> Available data:
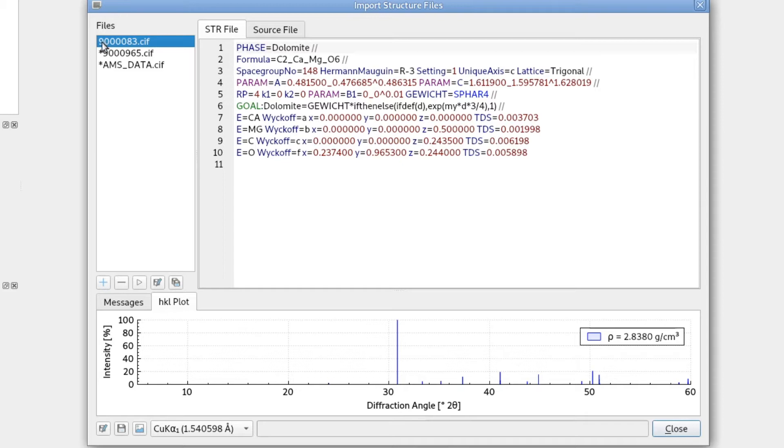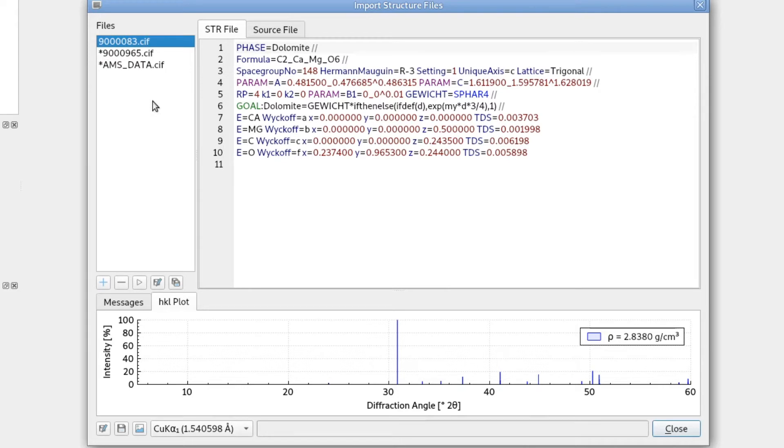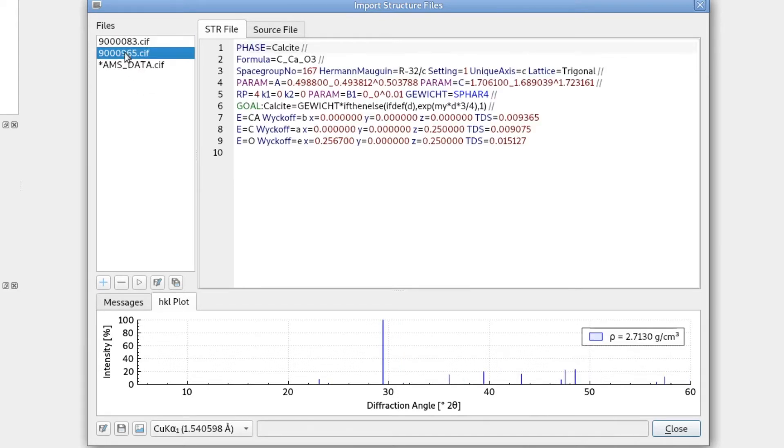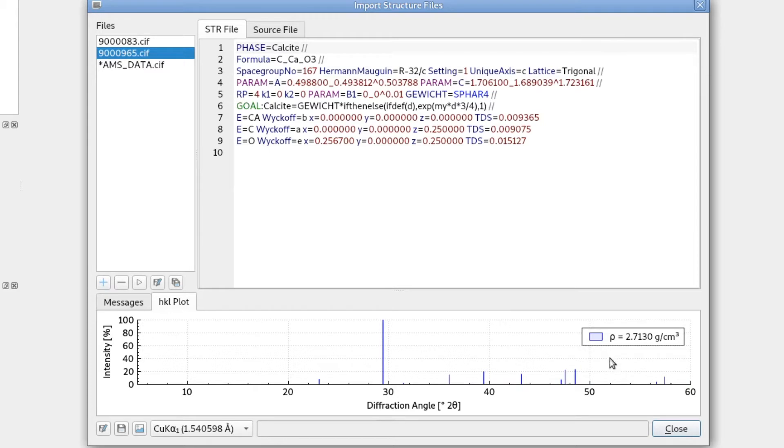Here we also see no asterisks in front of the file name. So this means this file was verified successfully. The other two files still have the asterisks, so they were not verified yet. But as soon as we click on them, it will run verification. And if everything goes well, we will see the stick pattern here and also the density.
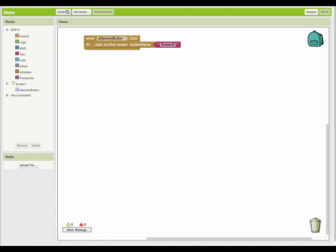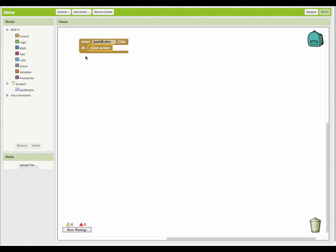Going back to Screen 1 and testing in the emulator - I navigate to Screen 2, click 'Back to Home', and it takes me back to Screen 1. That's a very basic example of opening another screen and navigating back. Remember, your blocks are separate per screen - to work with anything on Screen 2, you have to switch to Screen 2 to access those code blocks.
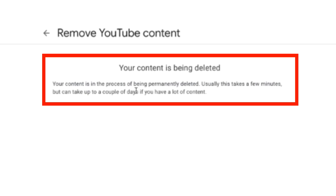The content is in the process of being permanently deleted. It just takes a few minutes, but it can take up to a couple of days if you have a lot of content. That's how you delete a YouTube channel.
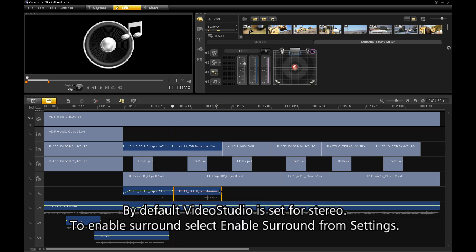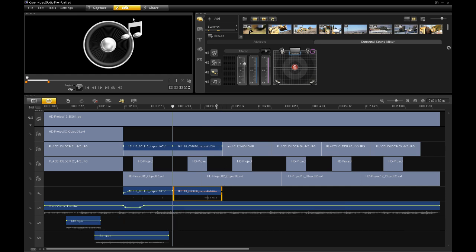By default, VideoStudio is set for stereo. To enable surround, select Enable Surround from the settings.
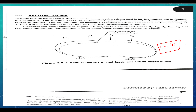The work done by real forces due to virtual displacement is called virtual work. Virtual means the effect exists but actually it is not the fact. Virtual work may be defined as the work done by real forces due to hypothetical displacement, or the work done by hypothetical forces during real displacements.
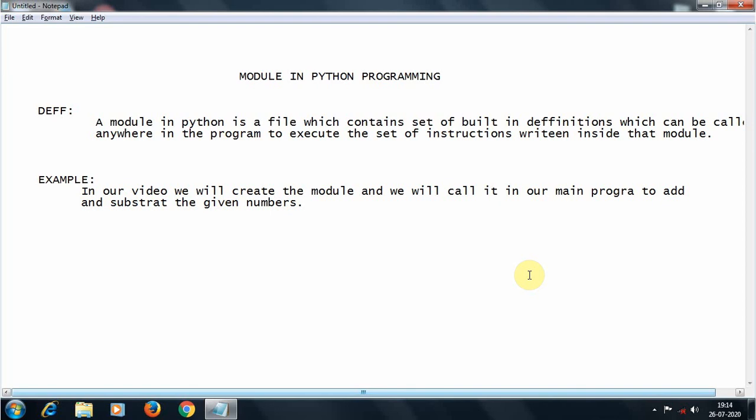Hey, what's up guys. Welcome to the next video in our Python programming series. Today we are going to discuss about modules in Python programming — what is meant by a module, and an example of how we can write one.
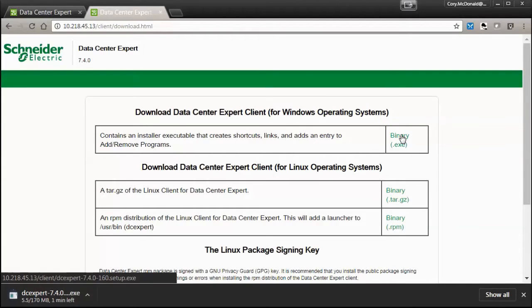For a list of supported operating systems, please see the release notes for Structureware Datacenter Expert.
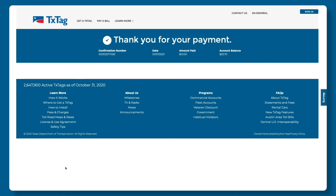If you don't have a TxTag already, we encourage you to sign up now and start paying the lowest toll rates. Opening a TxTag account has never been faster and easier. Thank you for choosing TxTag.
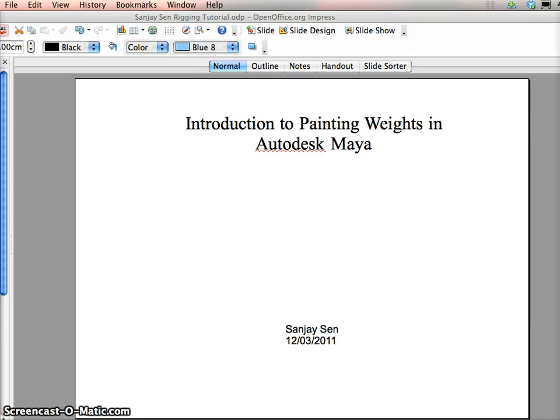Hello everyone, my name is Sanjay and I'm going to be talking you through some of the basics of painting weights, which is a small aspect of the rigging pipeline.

> Task directions:
Beginning at the line that contains "If you don't", retype each line of the data above through the very last one. Do not retype the pictures.

> Answer for this exercise:
If you don't have a TxTag already, we encourage you to sign up now and start paying the lowest toll rates. Opening a TxTag account has never been faster and easier. Thank you for choosing TxTag.
Hello everyone, my name is Sanjay and I'm going to be talking you through some of the basics of painting weights, which is a small aspect of the rigging pipeline.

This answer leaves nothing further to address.